When you hear the word counseling, what first comes to your mind? Most likely for many, when they hear such a term their mind races to a formal type of counseling in an office. While there is no problem with that, it is a narrow view. Counseling is not only formal but manifests itself in informal ways. They come through gospel conversations. Caring like Christ is not just for the certified biblical counselors. Caring like Christ is a call all Christians must answer. It is more than simply comforting with your presence but it is not less than that. It is more than speaking words of counsel; it is being there for another person. This is all brought to the view in Gospel Conversations by Dr. Bob Kellemen. In the second work of Equipping Biblical Counseling series, Christians are equipped by means of a robust biblical framework with a relational mindset.
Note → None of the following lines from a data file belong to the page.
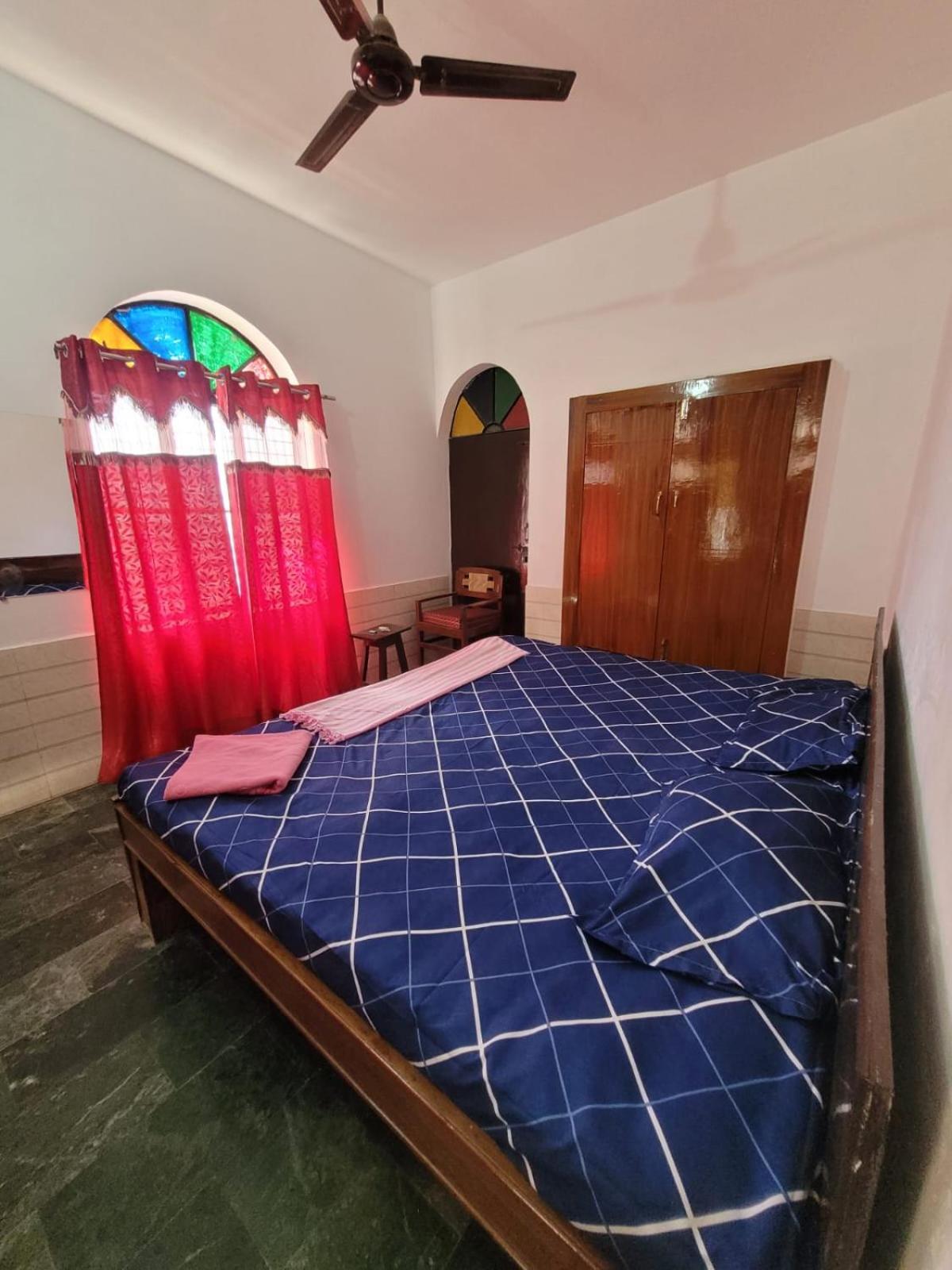Hotel Pushpa Vatika à Faizābād Extérieur photo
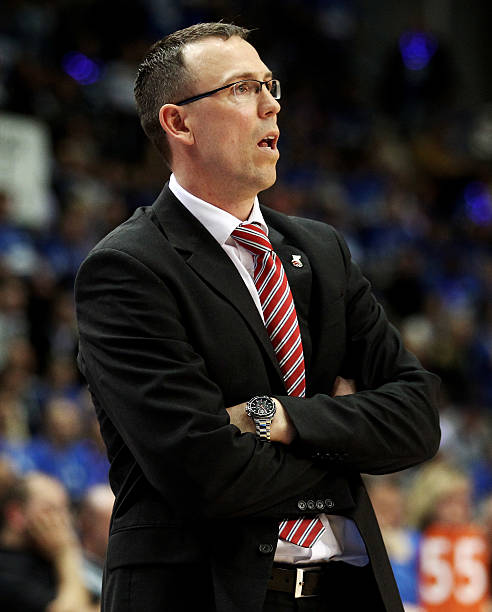 新传媒以 新传媒以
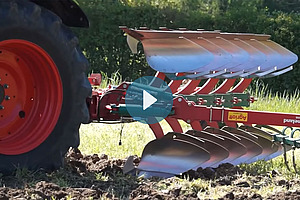 Tracteur avec und charrue déchaumeuse en travail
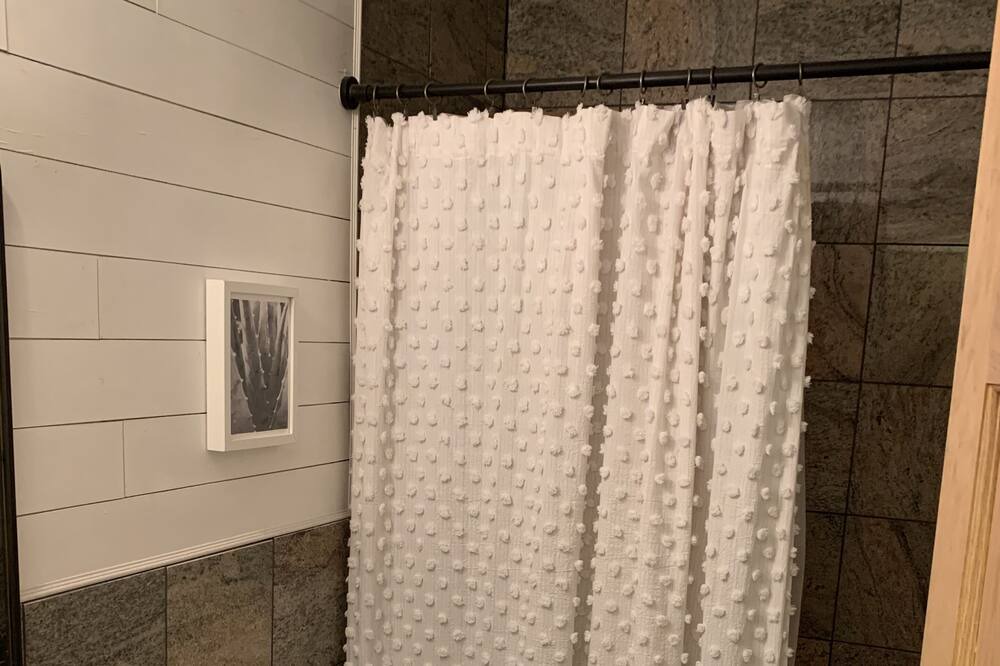 Photo of Bathroom in Hugo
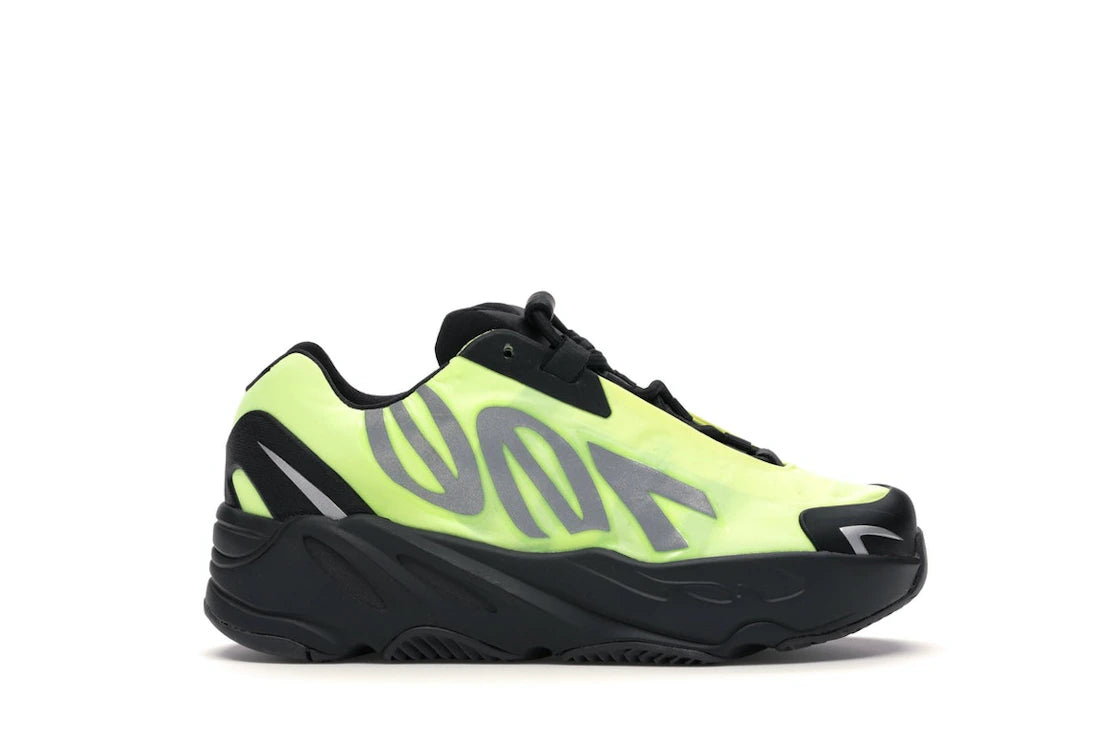 adidas Yeezy Boost 700 MNVN Phosphor (KiNew)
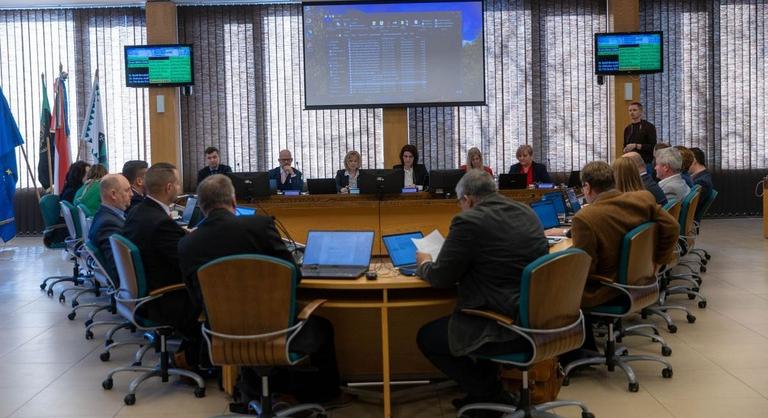 Politikai dilettantizmus vagy financiális harapófogó okozza, hogy Tatabányának megint nincs költségvetése?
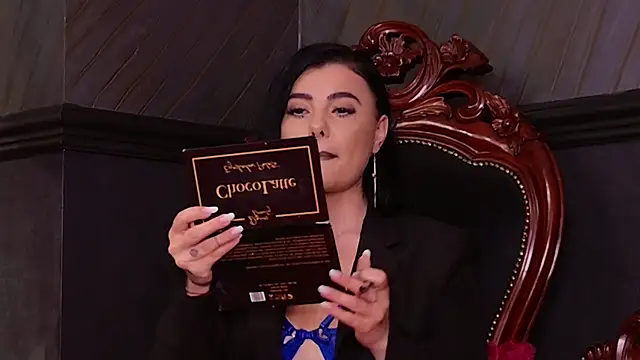Snapshot of MistressEly chatting on 05-23-26, 08:24 MistressEly online show from 05-23-26, 08:24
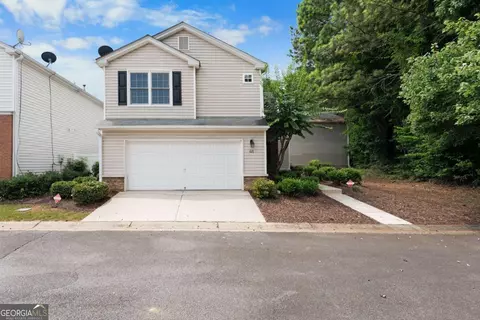 621 W Oaks Dr, Woodstock, GA 30188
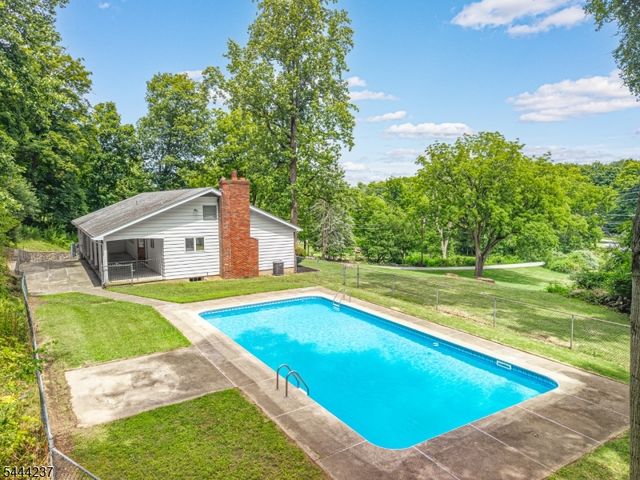 517 County Rd 517, Vernon Twp., NJ 07461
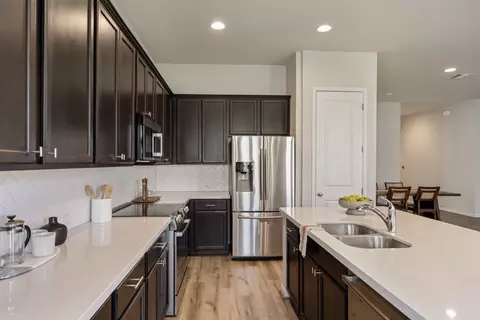 Kitchen - 16617 Sumptuous Dr, Manor, TX 78653 photo 3 of 5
In Gospel Conversations, Dr. Kellemen gives a balanced and biblical approach to counseling. In chapters 1 and 2, he lays out the Bible’s equal couplets: “truth/love, Scripture/soul, Bible/relationship, true/grace” (Kellemen 33). He shows how the Bible not only provides the Christian with the ‘what’ of counsel but the ‘how’ of counseling too. The book is robust as it is wholistic in its purpose and it addresses both suffering and sin in a broken world. Counseling that is robust must include sustaining, healing, reconciling, and guiding. Kellemen is vivid, not vague, in his writings so the reader is not left to wonder what it would look like in real life. It is other-centered and the emphasis on the local church is to be commended. Counseling is best done in the context of Christian community.
The community aspect of Gospel Conversations brings us to the second characteristic of the book. The priority of being before doing is an exhortation for the Christian to not only be counseling but to be modeling what they say. Kellemen’s description of trialogue, between the counselor, counselee, and the Divine counselor through the Spirit and Word, helps Christians form gospel conversations. Kellemen’s elaboration on gospel conversations as “the whole Bible story impacting the whole person’s whole story” (Kellemen 51) clarifies what he means by the term. “Jesus with skin on” reminds the Christian their counsel and walk must be Christlike. The most powerful term Kellemen uses is the picture of “climbing in the casket”. Such a picture vividly portrays the relational necessity of biblical counseling.
If there is any glaring weakness in Gospel Conversations is the context in which you read it. If you plan to read this book alone, you will not grasp all the purpose of this book serves. It is made for a small group context ideally and the “Maturing as a Biblical Counselor” sections throughout contribute to that. Still, you can read it on your own but you will not get as much out of it. In addition to that, in order to get the most out of Gospel Conversations, it is best to first read Gospel-Centered Counseling. Reading just one or the other will benefit you as much unless you read them both.
All in all, Gospel Conversations by Bob Kellemen is a robust and relational work. The balanced and biblical approach to biblical counseling will equip any Christian to encourage, exhort, and edify their friends and family to live out the will of God by the Word of God.
I received this book for free from Zondervan via Cross Focused Reviews for this review. I was not required to write a positive review. The opinions I have expressed are my own and are my honest review of the book.